--- START ---

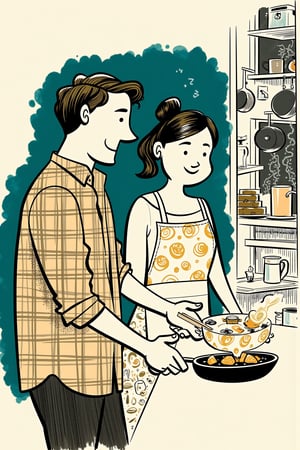 A cartoon illustration of a man and a woman preparing dinner in their small kitchen. The man chops vegetables while the woman stirs a pot, both sharing a quiet smile, their body language suggesting comfort in the routine.

Appearance:
The man wears a simple flannel shirt, sleeves rolled up, while the woman is in a floral dress and apron. Both have slightly tousled hair, adding to the informal, relaxed vibe of the scene.

Setting:
A compact kitchen with abstract outlines of countertops, pots hanging on hooks, and a window cracked open to let in the night air. Steam rises from the pot, reflecting the warmth of their home.

Mood:
Cozy and intimate, the soft lighting and warm tones give the scene a sense of everyday calm and companionship.

Era:
Contemporary, with elements of rustic design.

Perspective:
Side view, slightly above eye level, focusing on their shared activity and subtle smiles.

Background:
Chaotic painted blob in dark teal watercolor, with monochrome warm soft tints color palette. Style of satoshi hashimoto, satomic.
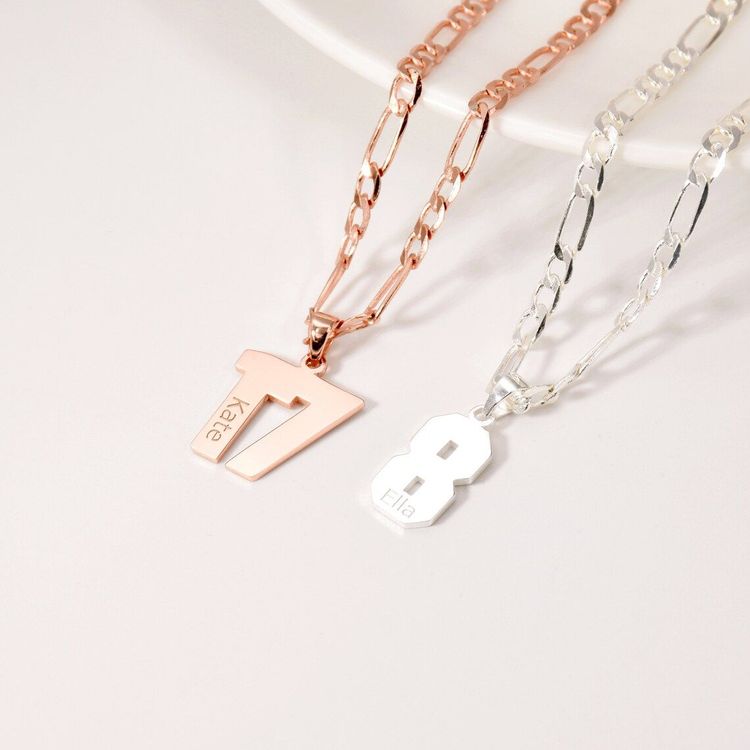 Sport Number Name Necklace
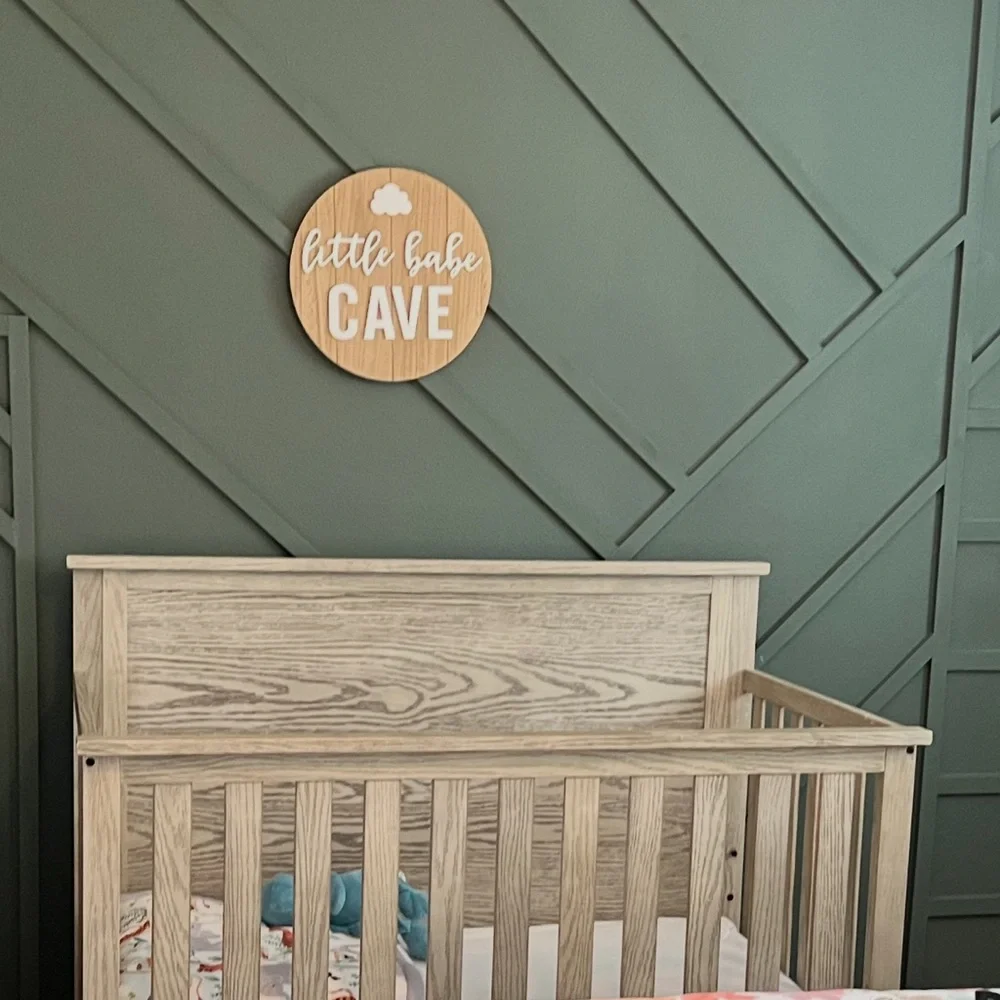 Nursery Baby Decor Little Babe Cave Wooden Wall Sign - White Text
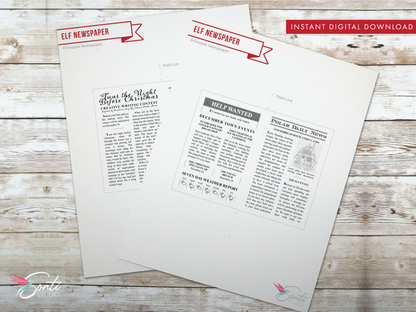 Christmas Elf Miniature Newspaper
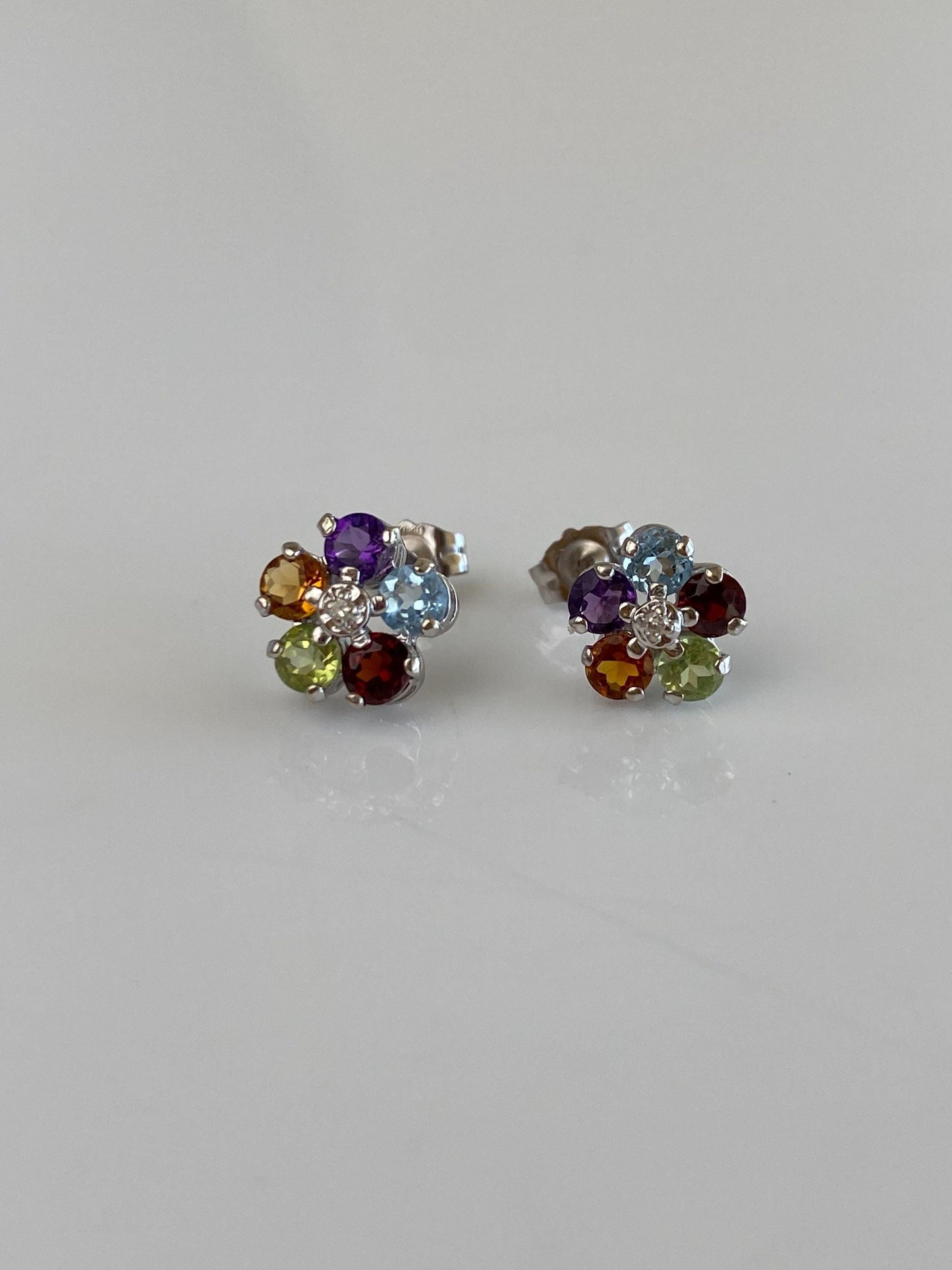 Vintage Solid 14k White Gold Garnet Citrine Peridot Aquamarine Amethyst Clear Sapphire Flower Stud Earrings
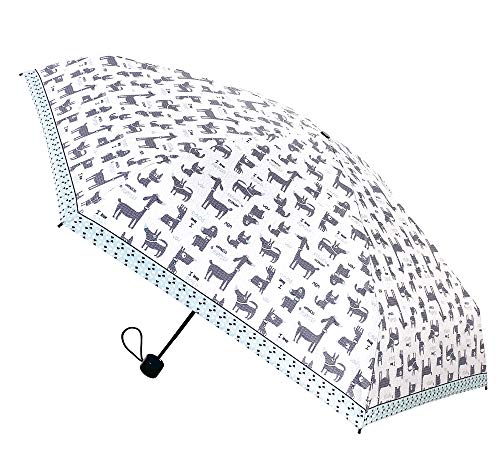 Paraguas Vogue Mini Plegable. Estampado Mascotas. Colección Pets. Bonito, Ligero y pequeño. Antiviento, Filtro Solar y Acabado Teflón. (Estampado Perros)
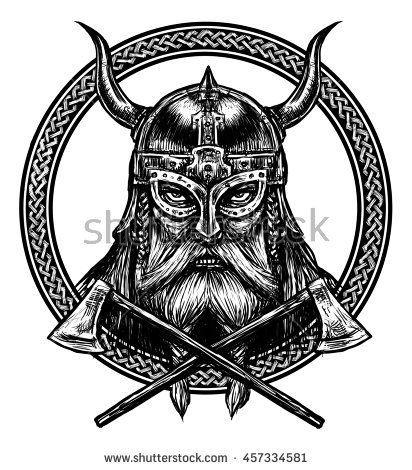 Viking Head Logo - Ancient viking head in a ring with scandinavian ornament logo
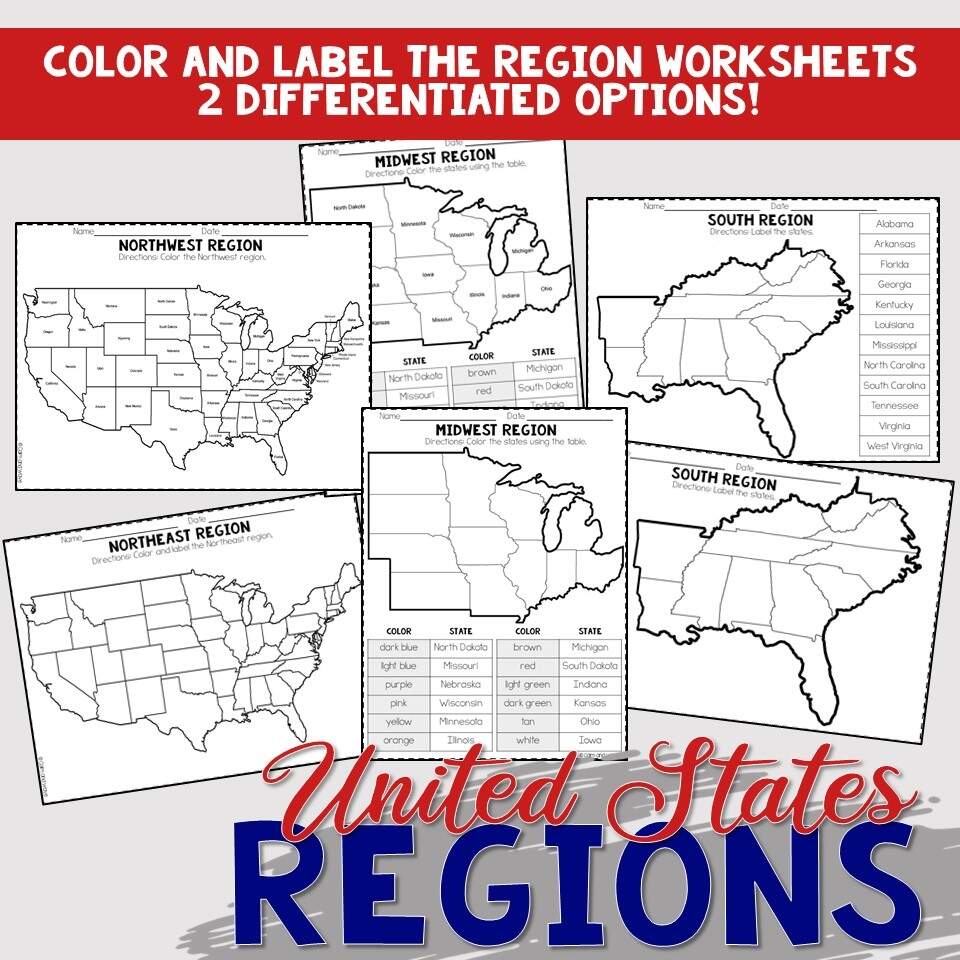 United States Regions Worksheets And Printables Homeschool Geography 4th 5th 6th Grade Calm Wave United States Regions Worksheets And Printables Homeschool Geography 4th 5th 6th Grade Calm Wave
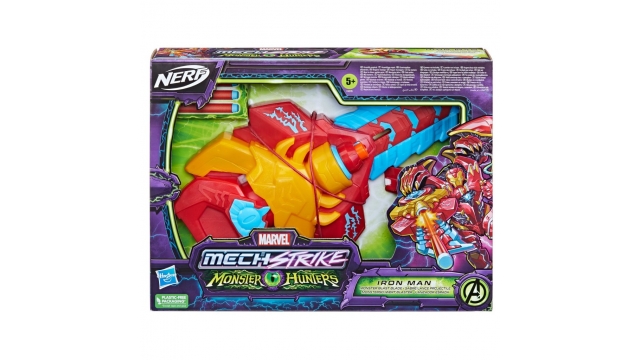 Nerf Marvel Mech Strike Monster Hunters Iron Man + 3 Darts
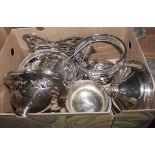 A box of silver plated table ware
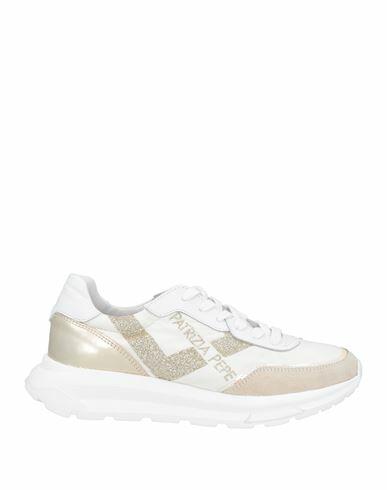 Patrizia Pepe Woman Sneakers Ivory Leather, Textile fibers Cover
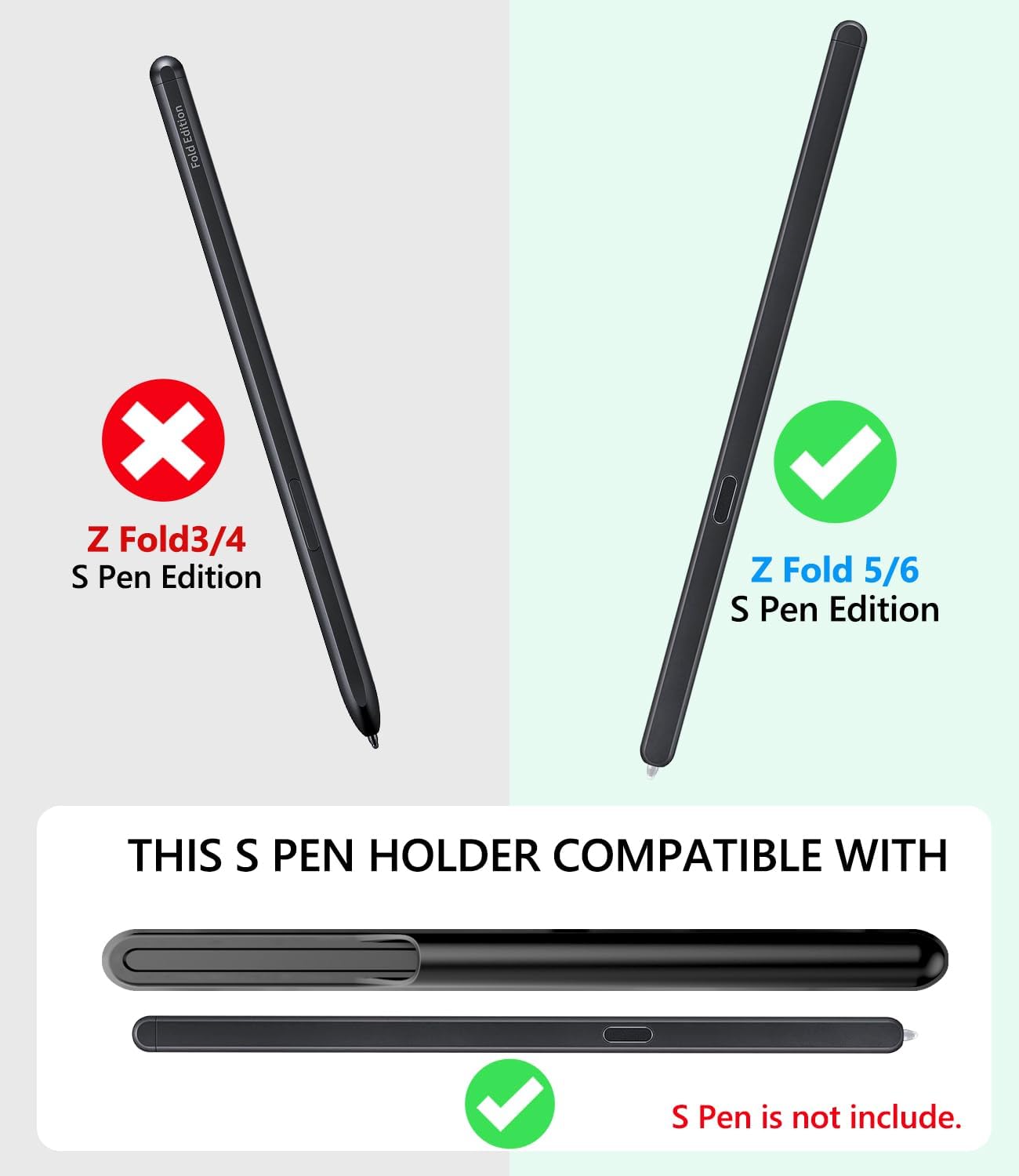 Vihibii for Samsung Galaxy Z Fold 6 Case with S Pen Holder & Card Holder & Slide Camera Cover & Screen Protector & Hinge Protection, Full Cover Shockproof Wallet Phone Case for Z Fold 6 5G, Rose Gold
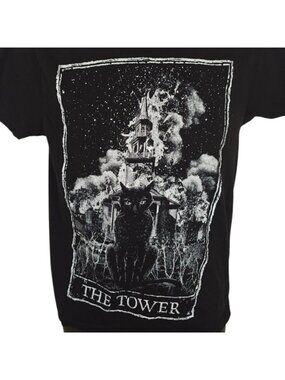 Tower Tarot Card T Shirt Mens Size Small Black Cat Fortune Telling Made In USA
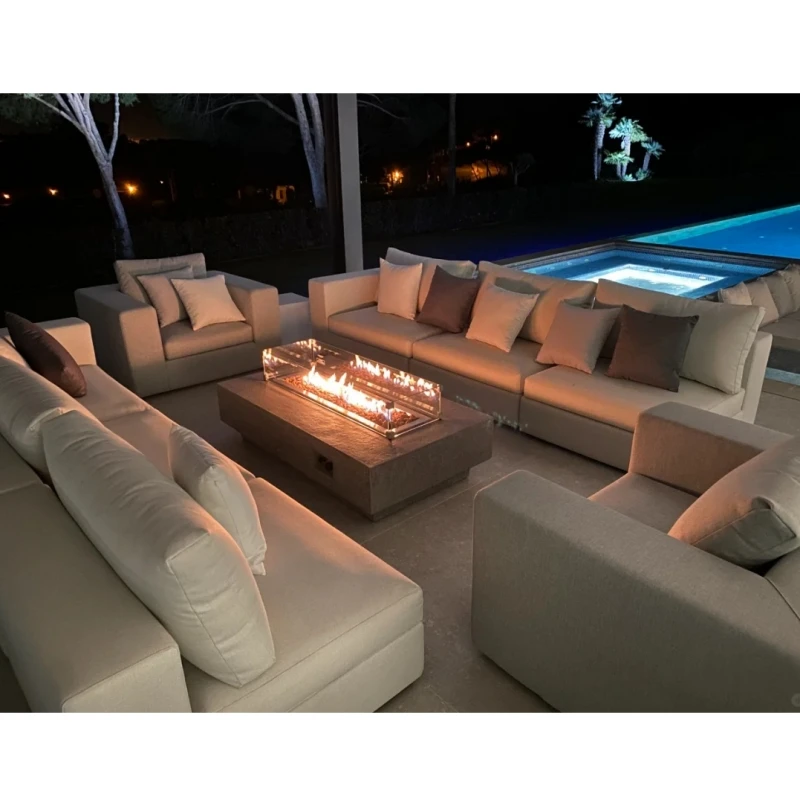 Ethanol-Tisch, Kamin, Feuerstellen-Tisch, Marmor, Bar-Tisch für den Außenbereich, großer Garten, Gas-Feuerstelle für den Außenbereich Image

--- END ---

> [What is required] Working from the entries above, please transcribe only the lines from the line with "Vintage Solid 14k" through the line with "Viking Head Logo", exactly, with both end lines and without pictures.

> [Exercise response]
 Vintage Solid 14k White Gold Garnet Citrine Peridot Aquamarine Amethyst Clear Sapphire Flower Stud Earrings
 Paraguas Vogue Mini Plegable. Estampado Mascotas. Colección Pets. Bonito, Ligero y pequeño. Antiviento, Filtro Solar y Acabado Teflón. (Estampado Perros)
 Viking Head Logo - Ancient viking head in a ring with scandinavian ornament logo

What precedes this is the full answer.